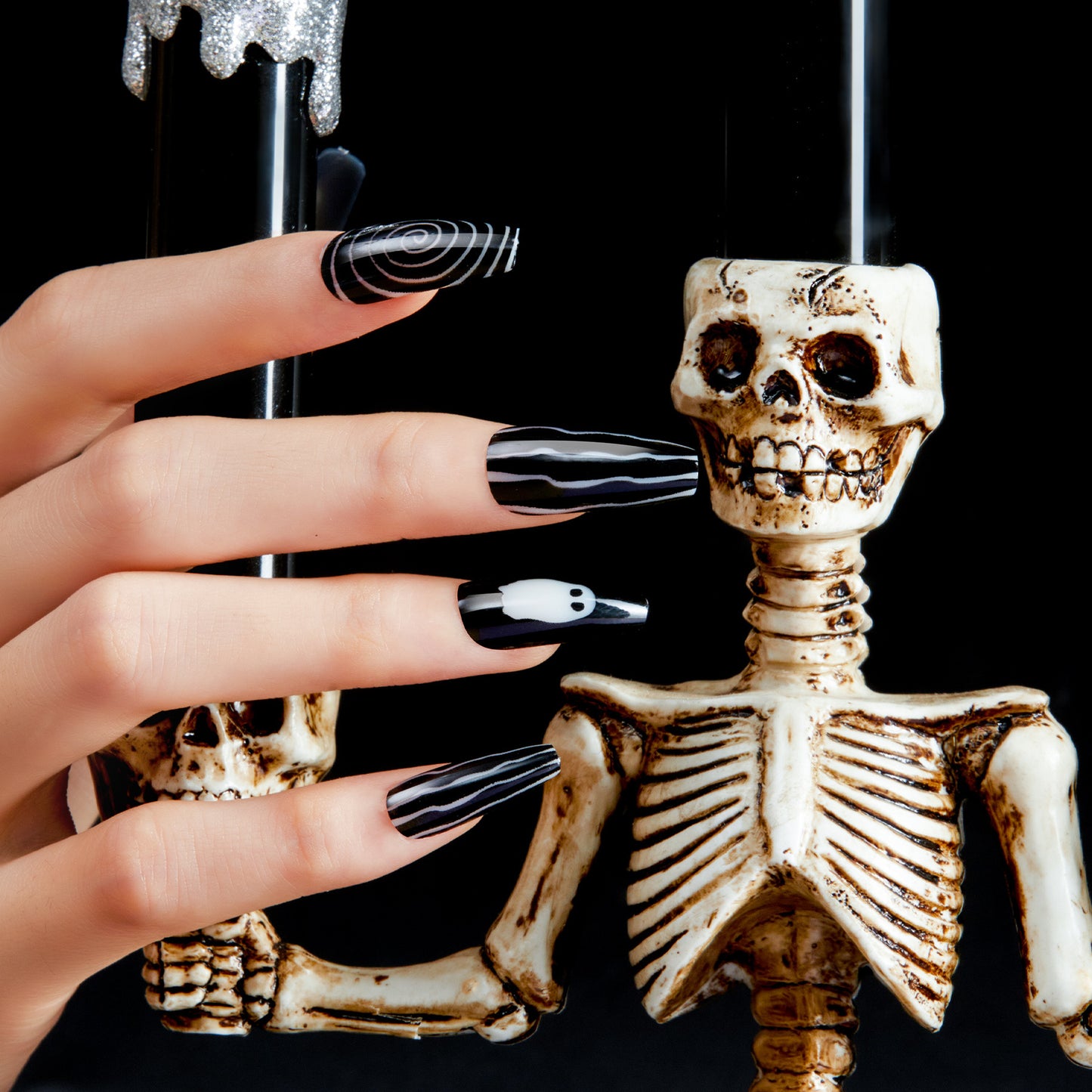 Halloween Christmas Wear Armor Nail Shaped Piece Fake Nails Nail Sticker Suit 72 Pieces with Jelly Glue002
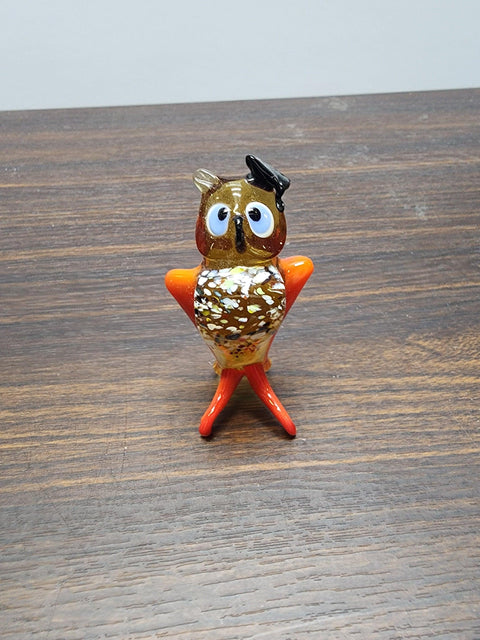 Naturally Colored Glass Figurine - Handcrafted - Owl Design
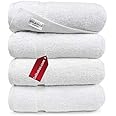 SALBAKOS Organic Turkish Cotton Hotel Bath Towel, 700 GSM, 27 by 54 Inch, Pack of 4, White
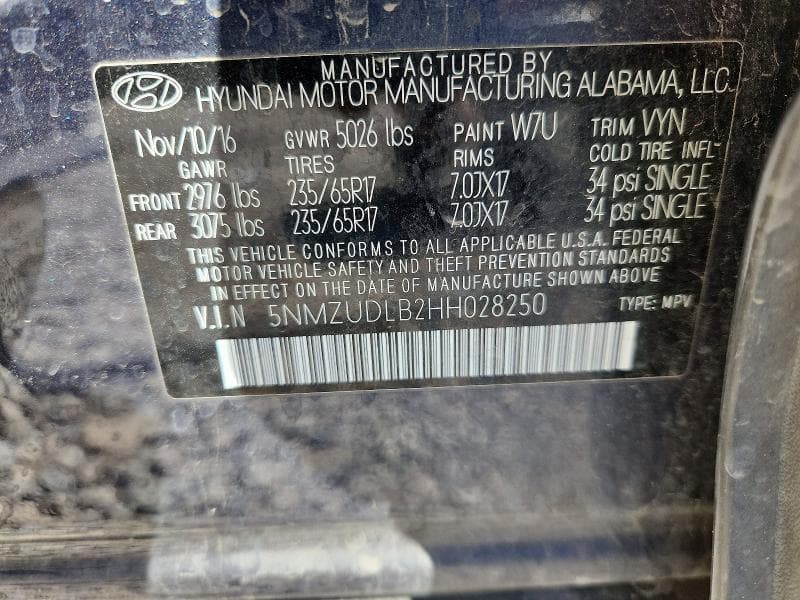 2017 HYUNDAI SANTA FE SPORT 2.4L 14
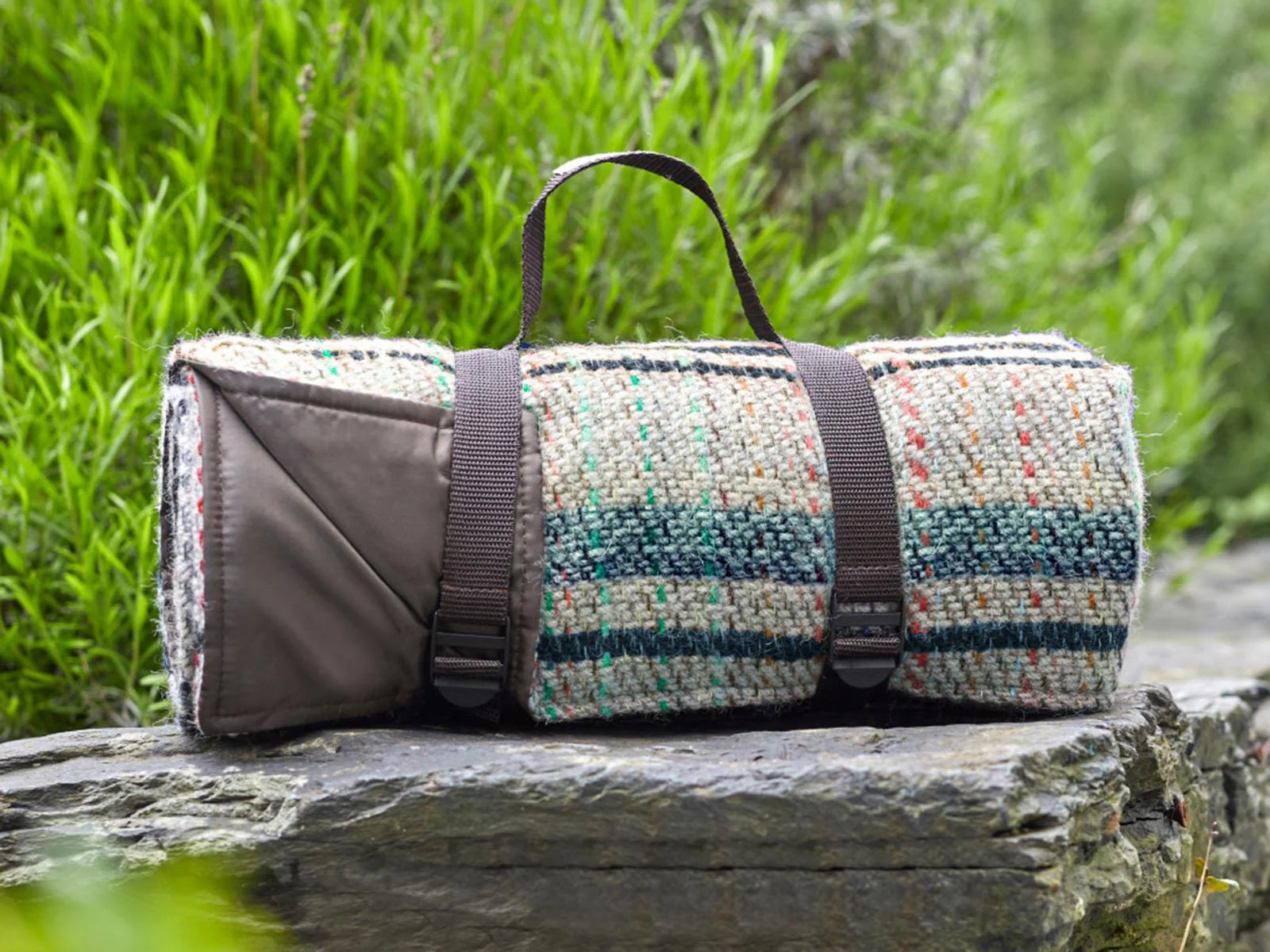 Waterproof Picnic Rug Roll - Random Check Recycled Wool - Image 5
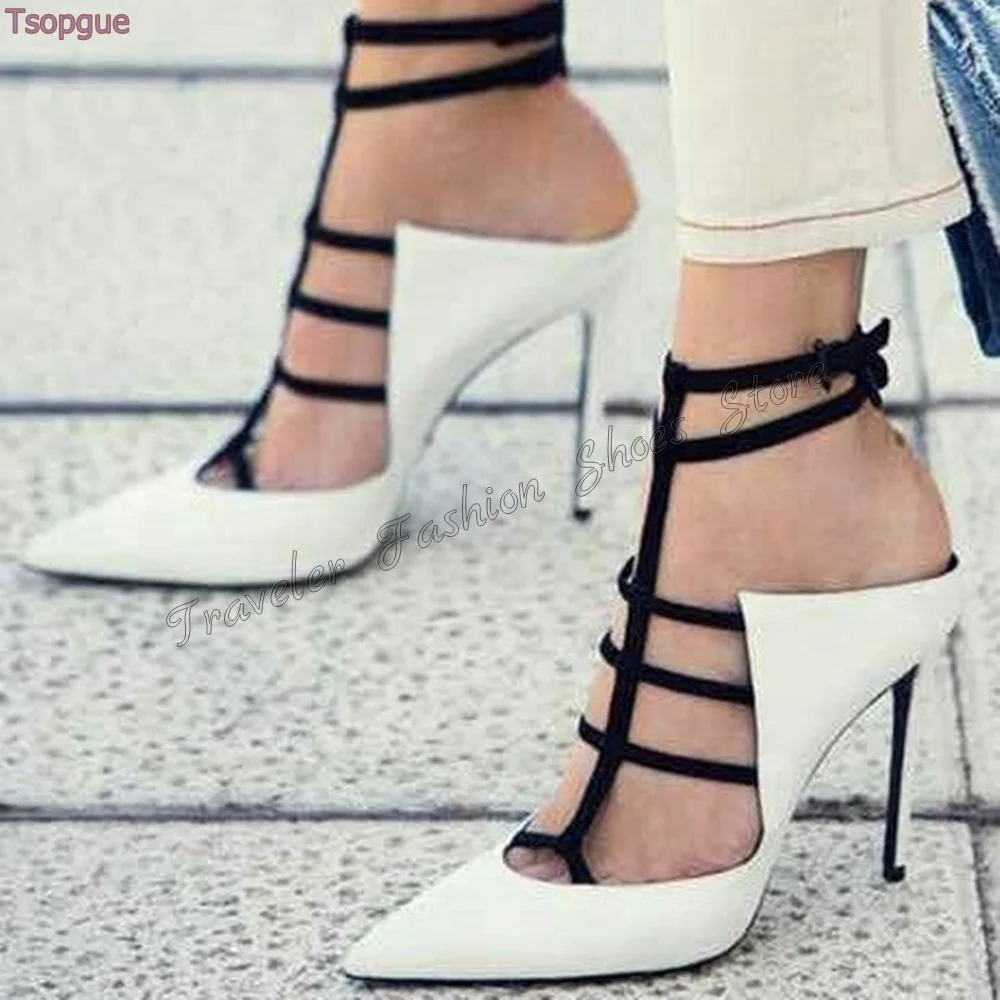 

White Ankle Buckle Pointed Toe Pumps Stilettos High Heels High Heel Shoes for Women Fashion Heels 2024 New Zapatos Para Mujere
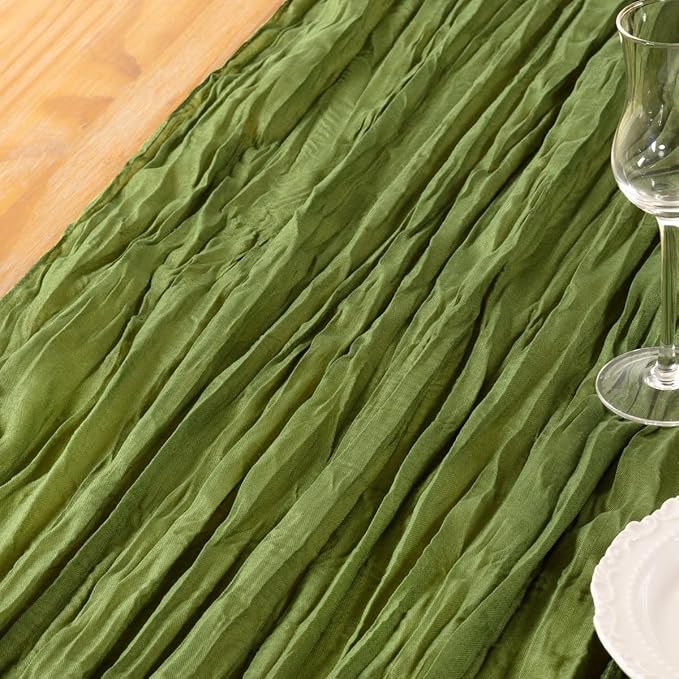 DeZerlor Olive Green Cheesecloth Table Runner Spring Easter Table Runner Boho Gauze 120 Inches Green Cheese Cloth Table Decora for Wedding Bridal Baby Shower Parties
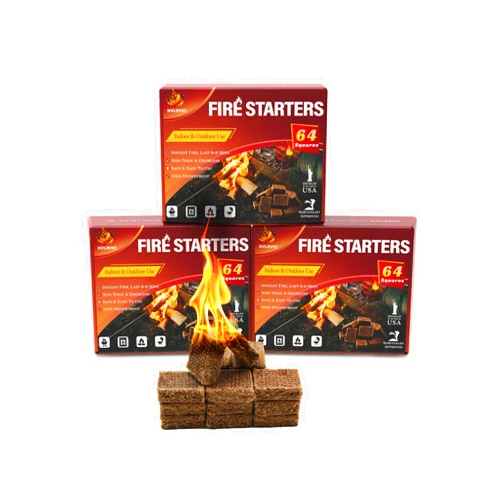 Nvkrvks Fire Starter Squares 192, Natural & Odourless FireStarters Cubes for Campfire, Fireplace, Chimney and Barbecue, Water Resistant, Easy to Ignite, Safe Camping Accessories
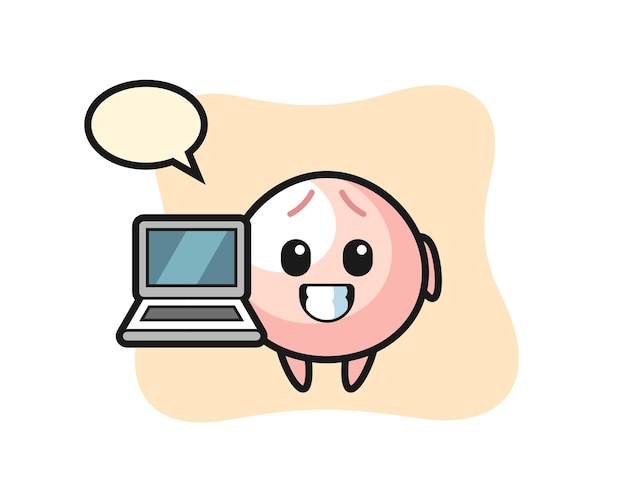 Ilustración de mascota de bollo de carne con una computadora portátil, diseño de estilo lindo para camiseta, pegatina, elemento de logotipo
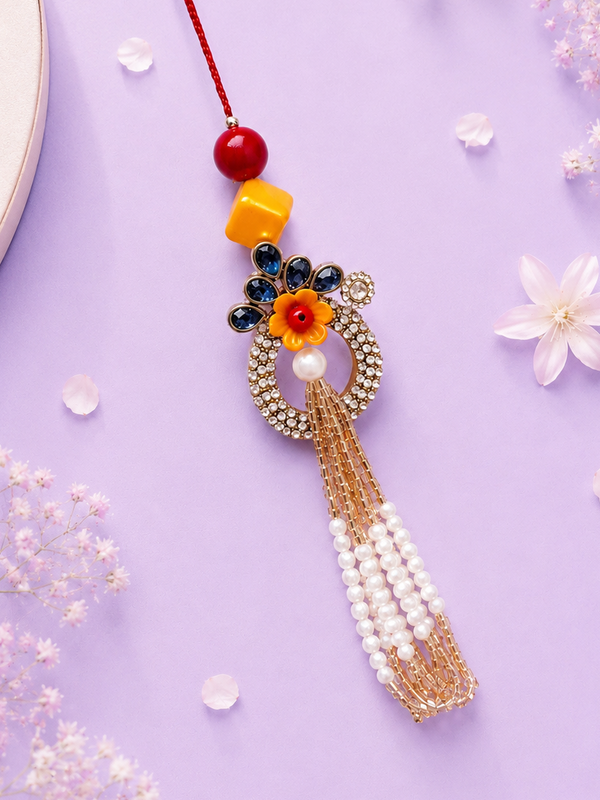 Noor Pearl Tassel Lumba Rakhi Set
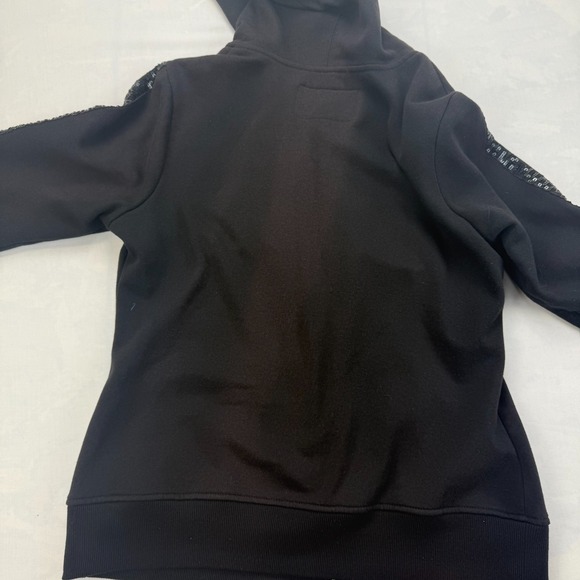 Seven7 Hoodie Womens 14/16 Black Sequin Detail Ruched Front Long Sleeve Full Zip - Picture 7 of 11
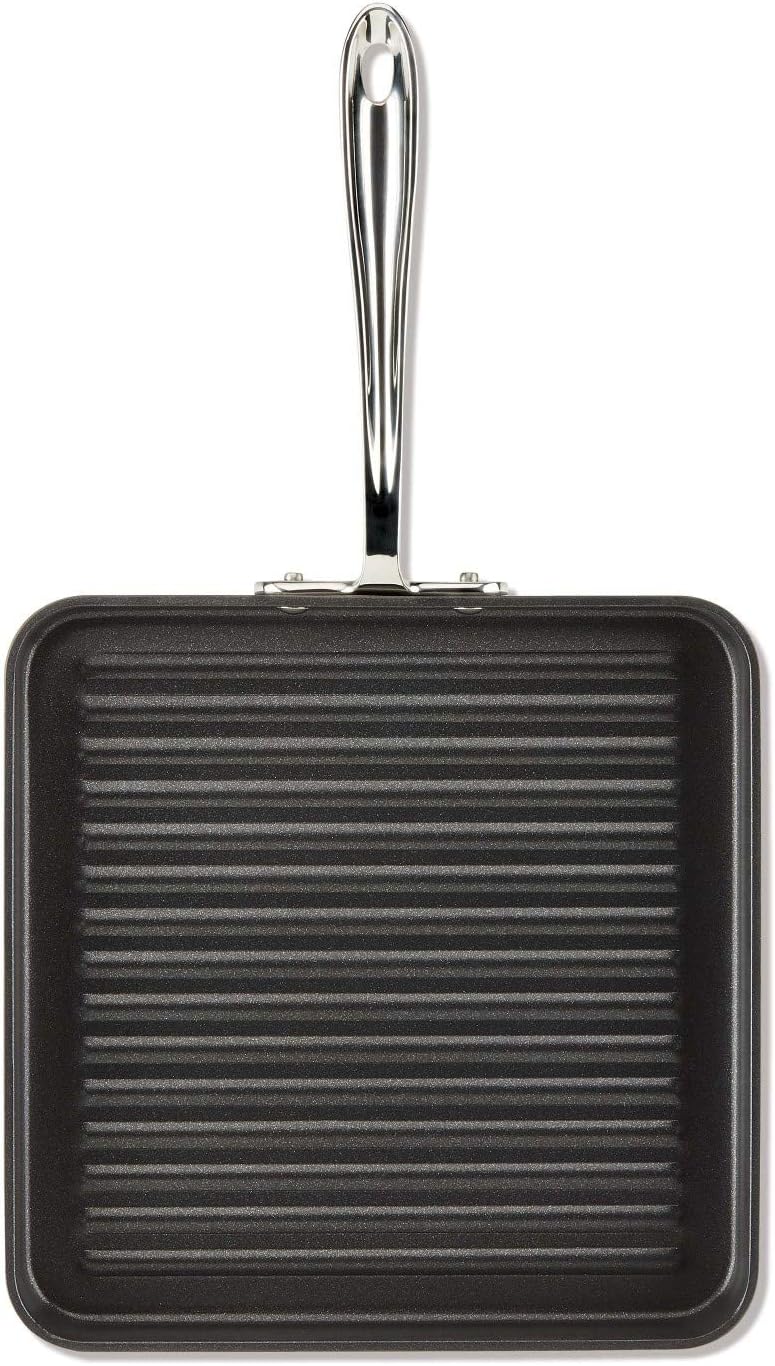 All-Clad HA1 Hard Anodized Nonstick Griddle and Grill Set, 11 x 11 Inch, Black Cookware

Problem details —
Output every record verbatim, excluding any picture it contains.

Solution to this exercise —
 Halloween Christmas Wear Armor Nail Shaped Piece Fake Nails Nail Sticker Suit 72 Pieces with Jelly Glue002
 Naturally Colored Glass Figurine - Handcrafted - Owl Design
 SALBAKOS Organic Turkish Cotton Hotel Bath Towel, 700 GSM, 27 by 54 Inch, Pack of 4, White
 2017 HYUNDAI SANTA FE SPORT 2.4L 14
 Waterproof Picnic Rug Roll - Random Check Recycled Wool - Image 5

White Ankle Buckle Pointed Toe Pumps Stilettos High Heels High Heel Shoes for Women Fashion Heels 2024 New Zapatos Para Mujere
 DeZerlor Olive Green Cheesecloth Table Runner Spring Easter Table Runner Boho Gauze 120 Inches Green Cheese Cloth Table Decora for Wedding Bridal Baby Shower Parties
 Nvkrvks Fire Starter Squares 192, Natural & Odourless FireStarters Cubes for Campfire, Fireplace, Chimney and Barbecue, Water Resistant, Easy to Ignite, Safe Camping Accessories
 Ilustración de mascota de bollo de carne con una computadora portátil, diseño de estilo lindo para camiseta, pegatina, elemento de logotipo
 Noor Pearl Tassel Lumba Rakhi Set
 Seven7 Hoodie Womens 14/16 Black Sequin Detail Ruched Front Long Sleeve Full Zip - Picture 7 of 11
 All-Clad HA1 Hard Anodized Nonstick Griddle and Grill Set, 11 x 11 Inch, Black Cookware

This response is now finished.